The most important guy to me has been center David Krejci. He was the team’s best forward through January, in my opinion, and one of the big reasons I started to take the B’s seriously again in the first place. He gave them two legit scoring lines and great two-way versatility as a penalty-killer and a defensive centerman. He reminded me of Adam Oates. Did everything well. A budding star. The kind of guy that plays for teams that go deep in the playoffs.
But something happened to him along the way. After being a point-a-game guy in November (4-9-13 totals), a force in December (6-15-21) and a steady producer in January (5-8-13), he dipped in February (2-5-7 in 13 games) and has been nearly invisible in March (1-1-2 in six games). The playmaking Czech has just two assists in his last 11 games. Yikes. You can’t win a Stanley Cup with one line. Unless Krejci picks it up (or Patrice Bergeron re-emerges into a second-line guy), the B’s are toast.
But Krejci is far from alone, Joey. After a hot start (25 goals through his first 39 games), Phil Kessel has found his way back on the milk carton. It seems to me he’s got one move (a charge down the right wing followed by a drag and curl in the high slot), and it doesn’t work anymore. I rarely see him in front of the net. He still has incredible speed, but what good does it do him? Heading into Thursday's gimmie against Ottawa (when he potted two goals), Kessel had scored just four goals since New Year’s Day. And don’t give me the Mono thing. Kessel has a history of disappearing, even when healthy, and so he has again. Time to put out another APB for the former Badger (yes, I can take down one of my own).
Meanwhile, Blake Wheeler hasn’t scored a goal in ten games. Milan Lucic, while starting to throw his body around again, is scoreless in his last 12 games. And even though defenseman Dennis Wideman is currently tied for the league-league in plus/minus with Krejci and New Jersey’s Travis Zajac (+33), his play has dropped off badly of late.
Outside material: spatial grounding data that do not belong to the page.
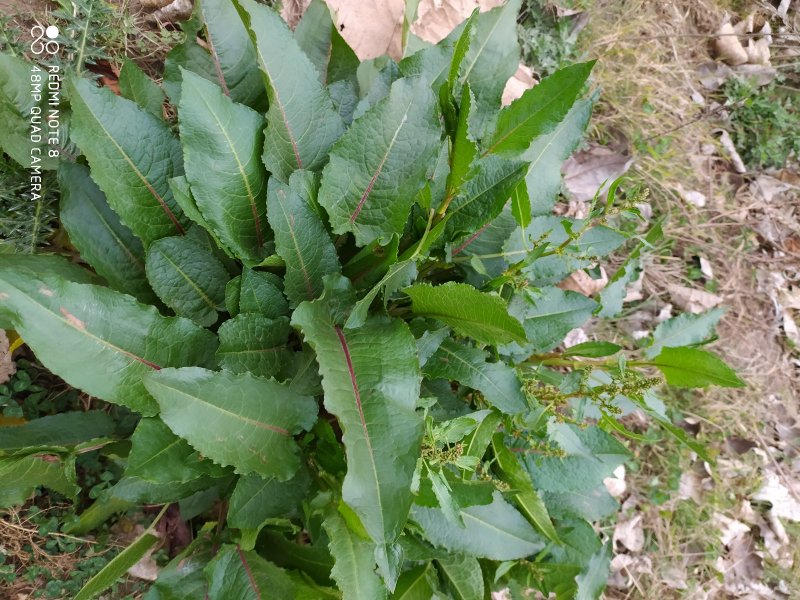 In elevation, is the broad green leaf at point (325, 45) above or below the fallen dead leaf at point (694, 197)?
above

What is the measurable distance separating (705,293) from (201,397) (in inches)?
78.9

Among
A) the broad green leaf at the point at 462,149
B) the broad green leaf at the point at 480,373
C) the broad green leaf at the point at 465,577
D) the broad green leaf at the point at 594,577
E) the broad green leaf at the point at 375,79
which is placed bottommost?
the broad green leaf at the point at 594,577

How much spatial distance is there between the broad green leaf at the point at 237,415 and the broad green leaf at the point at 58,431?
387 mm

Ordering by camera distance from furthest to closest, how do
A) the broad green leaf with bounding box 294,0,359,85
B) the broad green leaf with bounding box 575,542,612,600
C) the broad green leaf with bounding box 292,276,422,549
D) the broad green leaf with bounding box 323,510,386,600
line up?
the broad green leaf with bounding box 575,542,612,600 → the broad green leaf with bounding box 294,0,359,85 → the broad green leaf with bounding box 323,510,386,600 → the broad green leaf with bounding box 292,276,422,549

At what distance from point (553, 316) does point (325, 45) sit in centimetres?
82

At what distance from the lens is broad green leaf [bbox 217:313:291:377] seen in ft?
3.64

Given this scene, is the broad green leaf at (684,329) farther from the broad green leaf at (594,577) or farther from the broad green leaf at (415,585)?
the broad green leaf at (415,585)

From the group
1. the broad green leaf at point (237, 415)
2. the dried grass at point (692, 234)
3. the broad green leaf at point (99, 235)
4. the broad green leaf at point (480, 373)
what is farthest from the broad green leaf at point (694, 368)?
the broad green leaf at point (99, 235)

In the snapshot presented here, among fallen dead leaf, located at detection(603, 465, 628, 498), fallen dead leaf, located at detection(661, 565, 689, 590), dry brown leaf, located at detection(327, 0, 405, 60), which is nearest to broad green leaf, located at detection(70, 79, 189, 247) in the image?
dry brown leaf, located at detection(327, 0, 405, 60)

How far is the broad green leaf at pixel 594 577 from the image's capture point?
5.16ft

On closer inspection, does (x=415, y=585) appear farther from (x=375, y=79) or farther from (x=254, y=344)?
(x=375, y=79)

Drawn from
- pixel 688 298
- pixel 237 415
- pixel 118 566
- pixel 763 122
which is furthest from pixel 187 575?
pixel 763 122

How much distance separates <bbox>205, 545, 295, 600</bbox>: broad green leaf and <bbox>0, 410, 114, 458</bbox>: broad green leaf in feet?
1.18

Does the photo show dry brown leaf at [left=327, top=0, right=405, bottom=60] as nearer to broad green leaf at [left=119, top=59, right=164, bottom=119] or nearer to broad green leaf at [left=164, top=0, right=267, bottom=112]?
broad green leaf at [left=164, top=0, right=267, bottom=112] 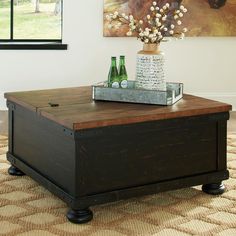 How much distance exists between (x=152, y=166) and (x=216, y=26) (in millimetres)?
3332

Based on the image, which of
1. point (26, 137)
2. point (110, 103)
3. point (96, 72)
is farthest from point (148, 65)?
point (96, 72)

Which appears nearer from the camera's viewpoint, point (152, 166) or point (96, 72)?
point (152, 166)

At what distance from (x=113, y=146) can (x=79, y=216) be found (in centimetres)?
40

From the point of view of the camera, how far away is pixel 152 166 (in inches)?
118

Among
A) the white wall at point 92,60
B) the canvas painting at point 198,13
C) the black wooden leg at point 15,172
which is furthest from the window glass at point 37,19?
the black wooden leg at point 15,172

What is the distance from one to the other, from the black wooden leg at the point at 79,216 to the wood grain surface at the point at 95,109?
437 mm

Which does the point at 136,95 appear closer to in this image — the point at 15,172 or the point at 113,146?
the point at 113,146

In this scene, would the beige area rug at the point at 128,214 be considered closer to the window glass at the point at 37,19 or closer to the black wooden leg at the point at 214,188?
the black wooden leg at the point at 214,188

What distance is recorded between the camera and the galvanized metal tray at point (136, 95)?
125 inches

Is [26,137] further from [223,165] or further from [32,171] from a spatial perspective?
[223,165]

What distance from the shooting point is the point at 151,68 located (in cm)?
331

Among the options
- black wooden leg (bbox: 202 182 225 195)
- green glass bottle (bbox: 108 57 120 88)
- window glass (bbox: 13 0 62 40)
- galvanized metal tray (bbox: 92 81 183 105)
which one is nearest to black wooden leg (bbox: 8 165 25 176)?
galvanized metal tray (bbox: 92 81 183 105)

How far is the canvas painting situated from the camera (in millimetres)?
5758

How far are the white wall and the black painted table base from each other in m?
2.43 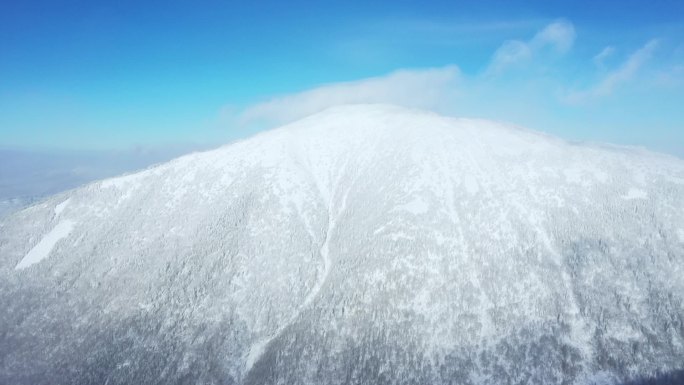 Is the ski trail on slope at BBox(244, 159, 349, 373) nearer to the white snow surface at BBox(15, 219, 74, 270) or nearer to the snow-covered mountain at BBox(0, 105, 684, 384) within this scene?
the snow-covered mountain at BBox(0, 105, 684, 384)

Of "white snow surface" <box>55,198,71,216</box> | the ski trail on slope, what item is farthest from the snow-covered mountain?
"white snow surface" <box>55,198,71,216</box>

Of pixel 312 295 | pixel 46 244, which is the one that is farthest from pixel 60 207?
pixel 312 295

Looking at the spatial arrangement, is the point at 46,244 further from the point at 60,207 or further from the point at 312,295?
the point at 312,295

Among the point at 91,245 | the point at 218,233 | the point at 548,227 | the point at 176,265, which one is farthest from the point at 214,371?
the point at 548,227

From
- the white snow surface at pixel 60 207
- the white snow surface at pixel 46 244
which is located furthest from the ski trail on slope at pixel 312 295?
the white snow surface at pixel 60 207

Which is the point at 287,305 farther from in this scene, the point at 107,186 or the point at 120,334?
the point at 107,186

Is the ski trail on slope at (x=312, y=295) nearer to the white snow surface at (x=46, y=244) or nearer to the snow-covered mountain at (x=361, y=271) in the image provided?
the snow-covered mountain at (x=361, y=271) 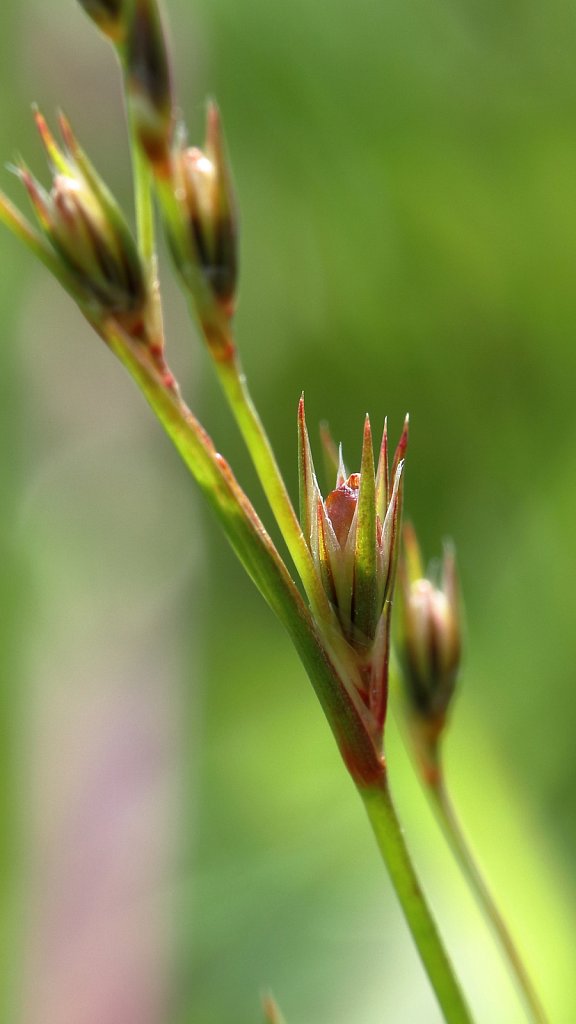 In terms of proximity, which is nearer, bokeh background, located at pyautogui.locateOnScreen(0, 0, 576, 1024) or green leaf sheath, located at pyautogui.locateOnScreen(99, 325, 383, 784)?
green leaf sheath, located at pyautogui.locateOnScreen(99, 325, 383, 784)

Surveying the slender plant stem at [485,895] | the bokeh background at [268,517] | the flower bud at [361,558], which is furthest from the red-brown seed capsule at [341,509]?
the bokeh background at [268,517]

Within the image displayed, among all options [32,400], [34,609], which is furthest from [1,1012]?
[32,400]

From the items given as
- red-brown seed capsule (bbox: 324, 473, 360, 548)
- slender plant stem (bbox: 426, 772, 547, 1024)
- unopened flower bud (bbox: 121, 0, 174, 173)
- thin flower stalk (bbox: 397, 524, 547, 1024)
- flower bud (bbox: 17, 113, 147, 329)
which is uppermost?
unopened flower bud (bbox: 121, 0, 174, 173)

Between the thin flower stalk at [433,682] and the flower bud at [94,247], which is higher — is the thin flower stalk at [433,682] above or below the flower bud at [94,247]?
below

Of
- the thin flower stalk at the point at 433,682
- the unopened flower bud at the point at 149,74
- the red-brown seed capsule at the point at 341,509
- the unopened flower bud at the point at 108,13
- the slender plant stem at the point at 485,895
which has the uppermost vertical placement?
the unopened flower bud at the point at 108,13

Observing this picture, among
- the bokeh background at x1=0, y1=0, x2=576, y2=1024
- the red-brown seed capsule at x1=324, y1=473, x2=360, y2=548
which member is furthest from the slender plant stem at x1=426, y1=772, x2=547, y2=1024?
the bokeh background at x1=0, y1=0, x2=576, y2=1024

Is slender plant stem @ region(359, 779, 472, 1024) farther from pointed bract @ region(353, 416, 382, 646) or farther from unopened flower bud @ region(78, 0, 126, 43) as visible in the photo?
A: unopened flower bud @ region(78, 0, 126, 43)

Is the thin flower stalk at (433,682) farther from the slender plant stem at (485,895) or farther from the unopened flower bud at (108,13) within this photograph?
the unopened flower bud at (108,13) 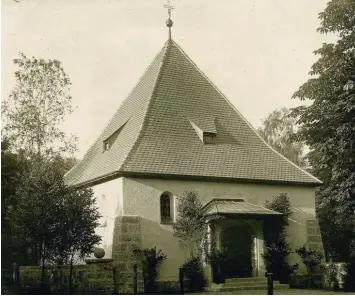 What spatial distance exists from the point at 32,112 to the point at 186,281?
15.7 meters

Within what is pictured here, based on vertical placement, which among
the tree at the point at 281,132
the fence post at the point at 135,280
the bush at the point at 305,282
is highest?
the tree at the point at 281,132

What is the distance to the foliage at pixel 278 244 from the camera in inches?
790

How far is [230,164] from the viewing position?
21109mm

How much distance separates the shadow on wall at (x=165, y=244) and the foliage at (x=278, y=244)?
3467mm

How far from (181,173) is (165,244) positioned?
2762 millimetres

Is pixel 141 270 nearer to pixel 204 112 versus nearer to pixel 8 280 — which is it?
pixel 8 280

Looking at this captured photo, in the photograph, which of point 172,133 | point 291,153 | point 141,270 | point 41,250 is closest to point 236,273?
point 141,270

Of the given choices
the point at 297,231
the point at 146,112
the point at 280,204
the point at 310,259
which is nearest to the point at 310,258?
the point at 310,259

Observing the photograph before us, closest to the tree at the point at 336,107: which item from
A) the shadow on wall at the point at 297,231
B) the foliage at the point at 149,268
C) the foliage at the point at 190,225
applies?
the shadow on wall at the point at 297,231

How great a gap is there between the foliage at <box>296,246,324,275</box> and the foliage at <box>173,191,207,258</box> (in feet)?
14.8

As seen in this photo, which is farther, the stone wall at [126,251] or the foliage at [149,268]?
the foliage at [149,268]

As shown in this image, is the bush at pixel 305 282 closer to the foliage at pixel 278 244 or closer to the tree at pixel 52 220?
the foliage at pixel 278 244

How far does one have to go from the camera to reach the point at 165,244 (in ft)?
62.8

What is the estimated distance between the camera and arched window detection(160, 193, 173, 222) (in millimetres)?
19609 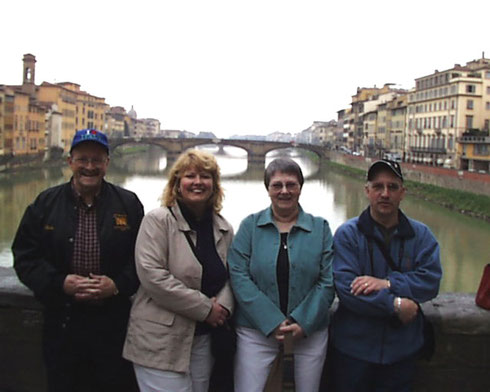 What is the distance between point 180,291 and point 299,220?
47cm

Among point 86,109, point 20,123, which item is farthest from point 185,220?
point 86,109

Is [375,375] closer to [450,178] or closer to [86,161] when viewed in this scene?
[86,161]

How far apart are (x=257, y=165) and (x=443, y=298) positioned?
45.7m

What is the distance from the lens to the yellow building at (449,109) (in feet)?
107

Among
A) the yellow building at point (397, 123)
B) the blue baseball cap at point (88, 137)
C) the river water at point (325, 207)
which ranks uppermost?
the yellow building at point (397, 123)

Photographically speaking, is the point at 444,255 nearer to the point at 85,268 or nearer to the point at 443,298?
the point at 443,298

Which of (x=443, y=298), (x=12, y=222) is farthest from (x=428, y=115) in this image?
(x=443, y=298)

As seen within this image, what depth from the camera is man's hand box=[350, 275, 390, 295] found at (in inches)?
70.6

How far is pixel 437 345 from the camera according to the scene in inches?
82.7

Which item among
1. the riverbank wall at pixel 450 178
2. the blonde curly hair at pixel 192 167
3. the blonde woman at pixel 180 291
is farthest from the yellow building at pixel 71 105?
the blonde woman at pixel 180 291

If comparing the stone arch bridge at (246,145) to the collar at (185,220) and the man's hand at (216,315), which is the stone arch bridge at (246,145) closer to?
the collar at (185,220)

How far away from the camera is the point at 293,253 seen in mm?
1864

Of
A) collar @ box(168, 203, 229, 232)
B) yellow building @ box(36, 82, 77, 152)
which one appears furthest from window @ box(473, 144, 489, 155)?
yellow building @ box(36, 82, 77, 152)

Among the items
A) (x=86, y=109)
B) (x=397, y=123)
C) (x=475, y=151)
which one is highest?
(x=86, y=109)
Over his last 17 games Wideman is just +1.
As I’ve said before, there’s two ways to look at this. If you’re being positive, you look at the ages of Krejci (22), Kessel (21), Wheeler (22), Lucic (20), and Wideman (25) and say it’s simply a matter of young guys experiencing some very natural highs and lows. They’ll be back. But if you’re being fatalistic, the conclusion is more ominous: These guys just aren’t as good as we thought they were. Obviously, if it’s the latter this team isn’t going anywhere.
I have two more concerns that will send the ball-washers in the Bruins media (that means you, Joey) reaching for the tissues: the goalie and the coach. That’s right. Tim Thomas and Claude Julien. I’m not sold on either. They’ve got to prove it first, don’t they?